Costing A 20 Million Jobs Program
There will be 13 million-plus new unemployed to put back to work in 2009. The U.S. Conference of Mayors has estimated a funding need for 11,391 projects requiring roughly $73.17 billion. This would generate, according to their estimate, 847,642 jobs. That amounts to $86,321 per job created.
A far more efficient — and certainly more rapid — job creation strategy would be to hire state and local government workers, school employees, workers in service jobs, and in industries already growing, like health care, where the infrastructure already exists, or to introduce strategies to prevent the coming additional seven million layoffs (job retention) set to occur in 2009.
This is not to argue against infrastructure projects or jobs program, but to clarify that a jobs creation program needs to be broad based, not just infrastructure or emerging industries focused. A program also needs to focus on job retention as well as job creation, and primarily on jobs averaging $50,000 a year or less. An effective jobs program also needs to match up jobs with the skills or those being laid off in large numbers, or about to be. Clearly some jobs will also require expensive and longterm retraining.
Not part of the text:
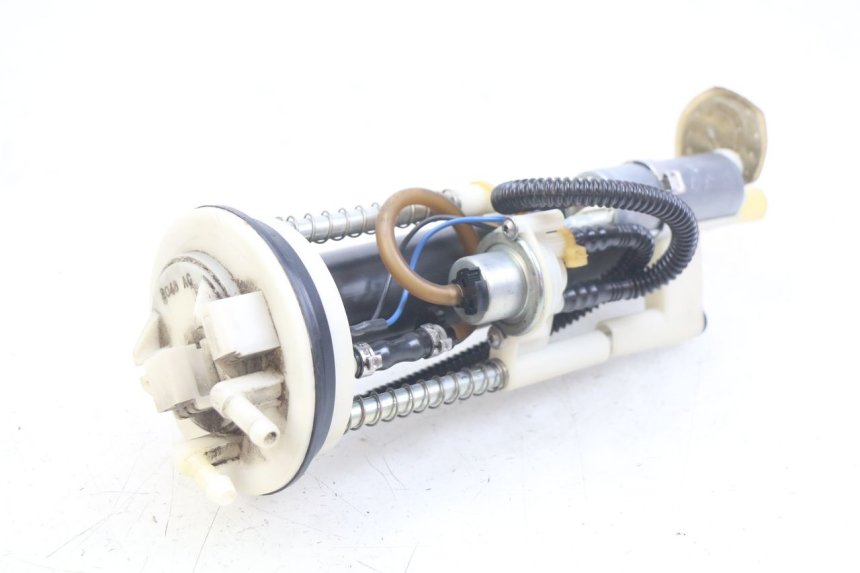 photo de POMPE A ESSENCE PEUGEOT SATELIS 125 (2010 - 2012)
In conclusion, by the end of 2009 there will be effectively 25 million unemployed in the U.S. workforce: 15 million officially classified as unemployed, plus five million more discouraged or wanting to work if offered, and 10 million involuntarily working as part-time because they can’t find a fulltime job (equal to five million fulltime jobless).
To create jobs for just 20 million of the 25 million, at $50,000 a job will require a jobs program package of $1 trillion. Anything less will clearly be too little, too late, and fail to stem the accelerating economic decline.